6. A digital speech system as defined in claim 5 wherein said decision logic circuit includes means for squaring and summing the error signal obtained from said first adder, a comparator following said summer, a decision circuit following said comparator, a first memory for said filter coupled to said decision circuit and to said filter, a second memory for the current output signal and coupled to said decision circuit and to said sequence generator, a third memory for the best output signal coupled to said filter, and a fourth memory for the sum of the square of the error signal having its output coupled to said comparator and to said first memory and having its input coupled to said decision circuit.
This invention relates generally to digital speech communication systems and particularly to such a system having feedback residue compression in its predictive feedback loop.
Bandwidth compression for speech signals has generally been accomplished in two different manners. Thus, the compression may be accomplished by the time domain techniques which operate at relatively high bit rates of between 16-40 kilobits per second. Among these time domain techniques are delta modulators where the difference between the estimate of the predictive feedback and the actual input is small. The other bandwidth compression techniques are spectral domain techniques such as vocoders. These systems operate at very low bit rates between 2.4 and 4.8 kilobits per second.
The spectral domain systems are susceptible to errors induced by background noise. This is a result of their restrictive manner of compressing the signal input. Due to their low bandwidth they do not permit to preserve the fidelity of speech.
It is therefore desirable to provide a speech processing system which compresses both the speech and the noise and possibly giving preference to the speech. For this reason time domain techniques appear to have certain advantages.
Among the systems are continuously variable slope delta modulation techniques. This simply means that the slope or the size of the increment can be changed or varied.
Other time domain systems which are characterized by relatively low data rates are adaptive predictive coding systems. In particular the adaptive predictive coding system is characterized by higher intelligibility of the speech and speech quality than can be achieved at lower data rates than can be utilized with delta modulation.
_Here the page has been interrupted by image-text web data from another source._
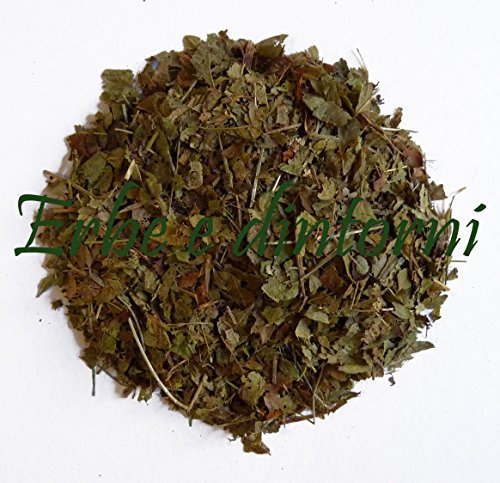 MIRTILLO FOGLIE 100 gr. Diabete, vista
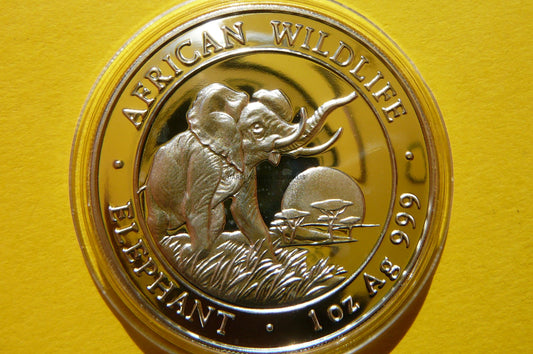 100 SHILL SOMALIA 2009 SŁOŃ AFRYKA SREBRO 999 UNCJA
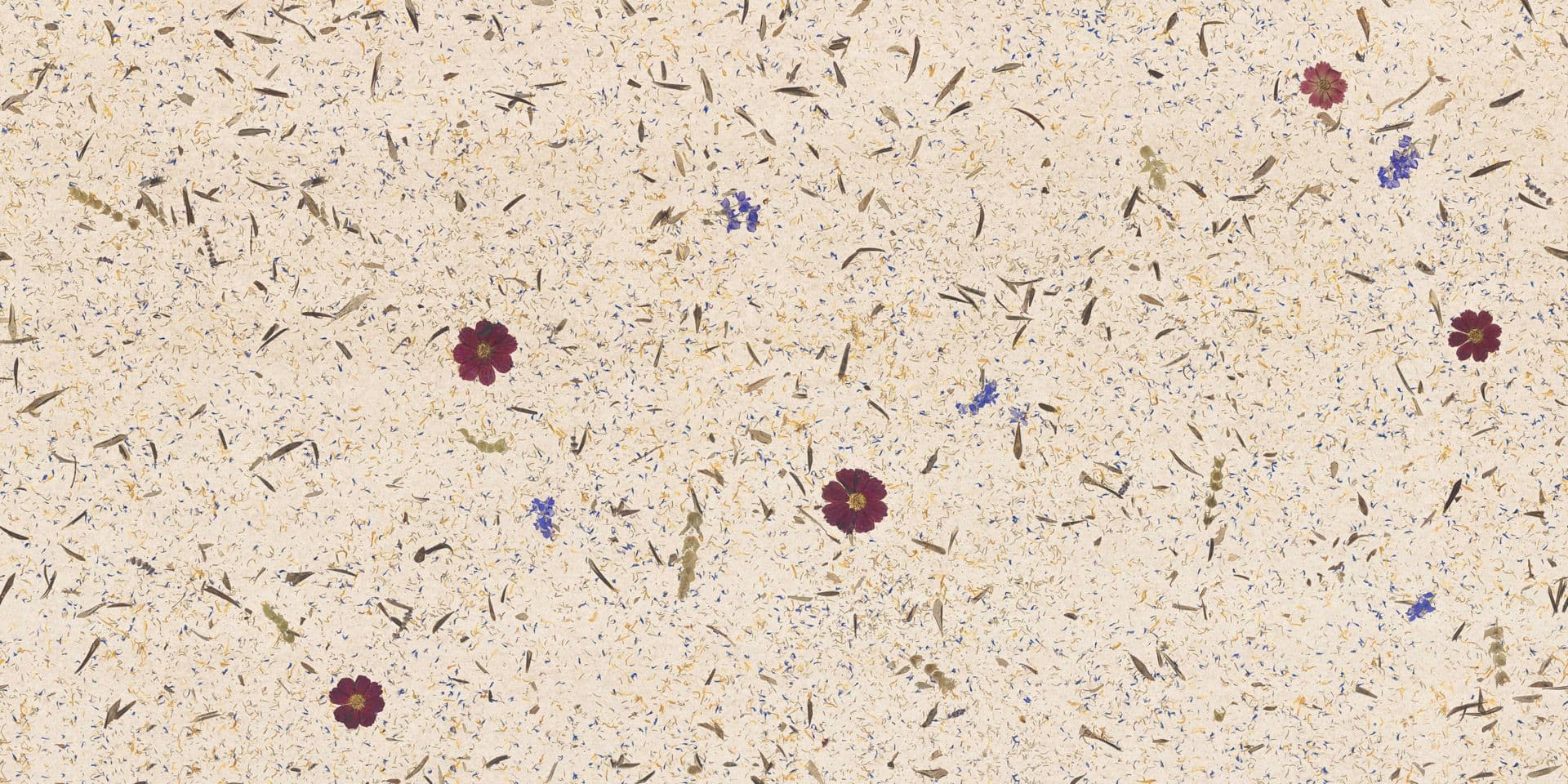 Carpe Diem Wallpaper Texture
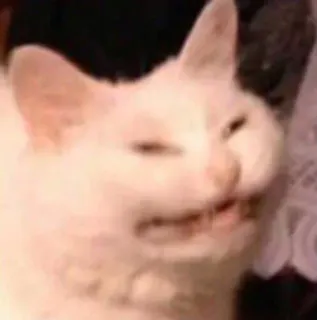 😬 9129e7a8 kucing, meme, lucu, hewan, peliharaan, kucing putih whatsapp sticker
However, one of the problems with the adaptive predictive coding system is the complexity of the required hardware.
It is accordingly an object of the present invention to provide a digital speech compression system of the type having a predictive feedback loop and which is characterized by greater simplicity.
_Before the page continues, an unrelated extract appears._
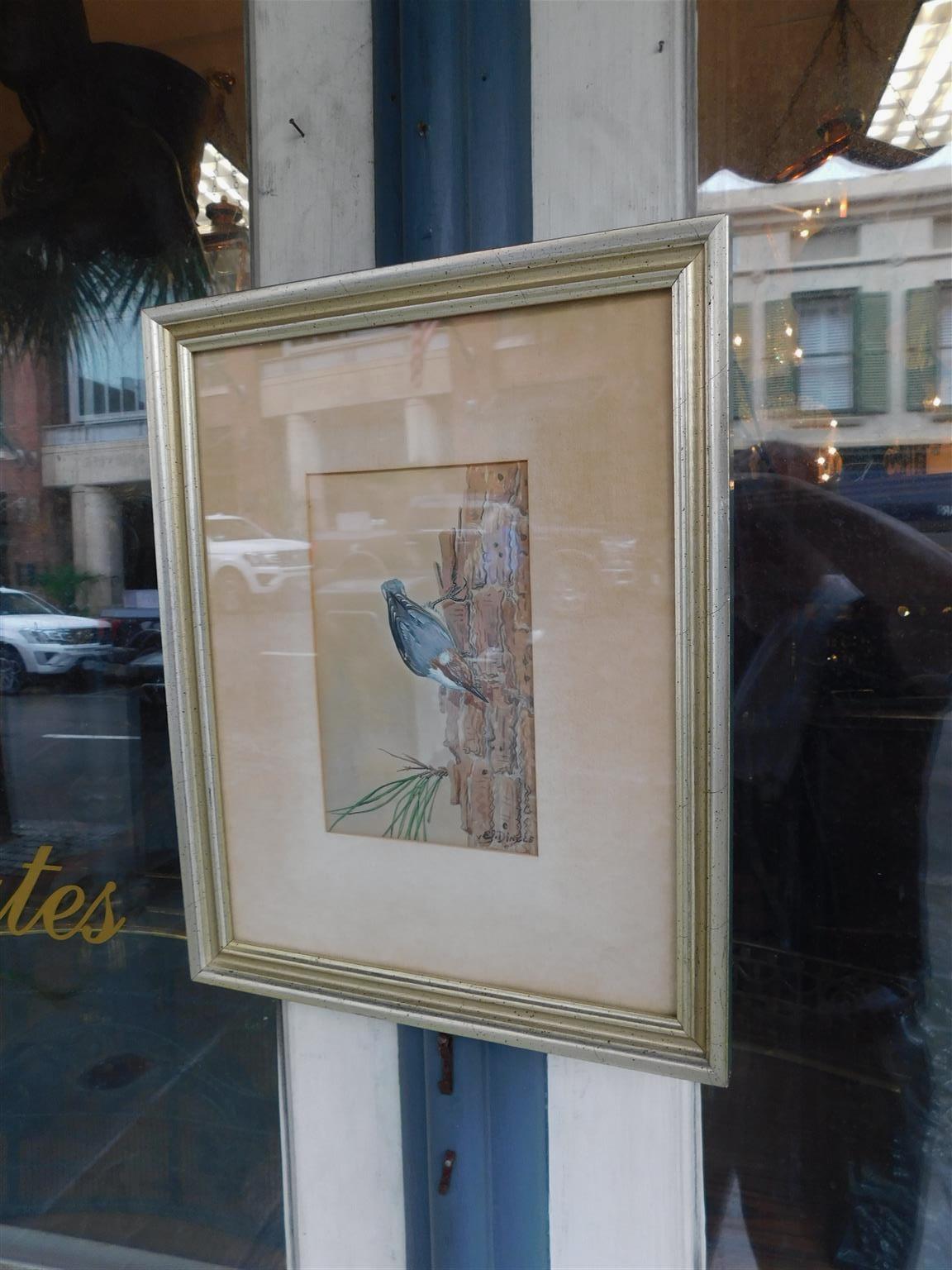 Hand-Crafted American Water Color Brown Headed Nuthatch Perched on Pine Tree E. Dingle C 1950 For Sale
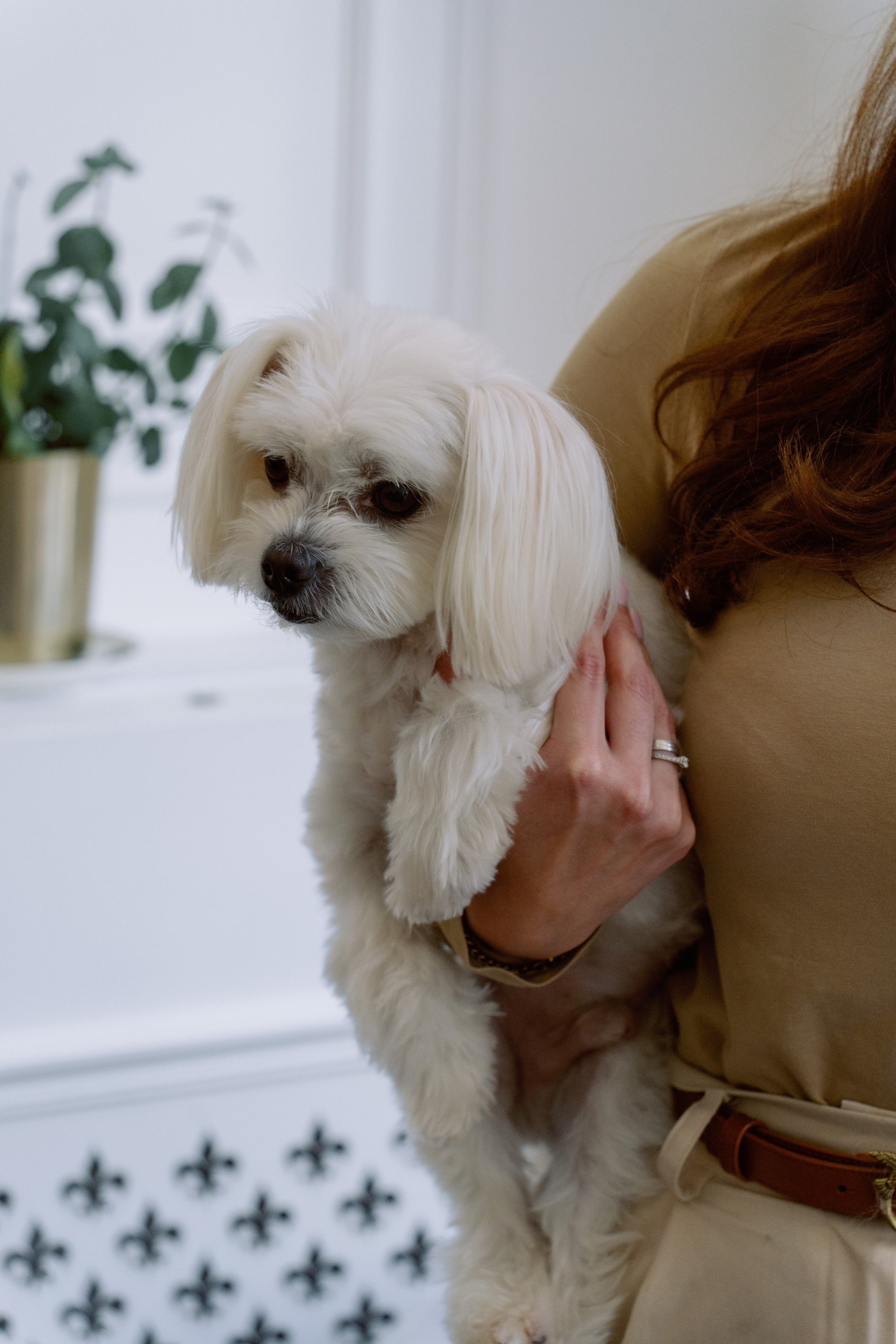 Репортаж / Мероприятия. Портретный и свадебный фотограф в Риге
A further object of the present invention is to provide such a speech compression system where the compression is achieved by limiting the number of sequences of quantizer levels that may be fed back to the loop.
Another object of the present invention is to provide a predictive speech compression system where the residue stream is compressed within the quantizer loop.
A digital speech compression system in accordance with the present invention comprises a digital source of speech. This may, for example, be a speech signal source followed by an analog-to-digital converter. The converter is followed in sequence by a first adder, a quantizer and a compression logic. The quantizer may, for example, consist of a two-valued limiter. The output of the compression logic is the compressed digital speech which then goes to the transmission channel.
A predictor loop is provided between the compression logic and the first adder. This includes a second adder coupled to the compression logic. The output of the second adder is fed to a digital predictive filter. The filter output then is connected in a negative sense to the first adder and in a positive sense to the second adder.
The compression logic may consist of a compressor followed by a converter in the feedback loop. Alternatively, the limiter may be followed by a converter while the actual compressor is disposed outside of the feedback loop.
The novel features that are considered characteristic of this invention are set forth with particularity in the appended claims. The invention itself, however, both as to its organization and method of operation, as well as additional objects and advantages thereof, will best be understood from the following description when read in connection with the accompanying drawings.
FIG. 1 is a diagram in block form illustrating generally the feedback residue compression for a digital speech system in accordance with the present invention;
FIG. 2 is a block diagram of a first embodiment of the invention utilizing sample-by-sample compression and which is somewhat limited as to the coding that can be used for the digital compression;
FIG. 3 is a block diagram of a receiver for decoding the received compressed digital signals;
FIG. 4 is a block diagram of a second embodiment of the invention providing sample-by-sample compression and which permits a somewhat wider choice of compression coding;
FIG. 5 is a block diagram of a blocked compression system which is carried out block-by-block of the input signals; and
FIG. 6 is a block diagram of a portion of the circuit of FIG. 5, including the decision logic circuit.
Referring now to the drawings and particularly to FIG. 1, there is shown a block diagram of a digital speech compression system in accordance with the present invention. The block diagram of FIG. 1 generally illustrates the invention while FIGS. 2, 4 and 5 show three specific embodiments of the invention.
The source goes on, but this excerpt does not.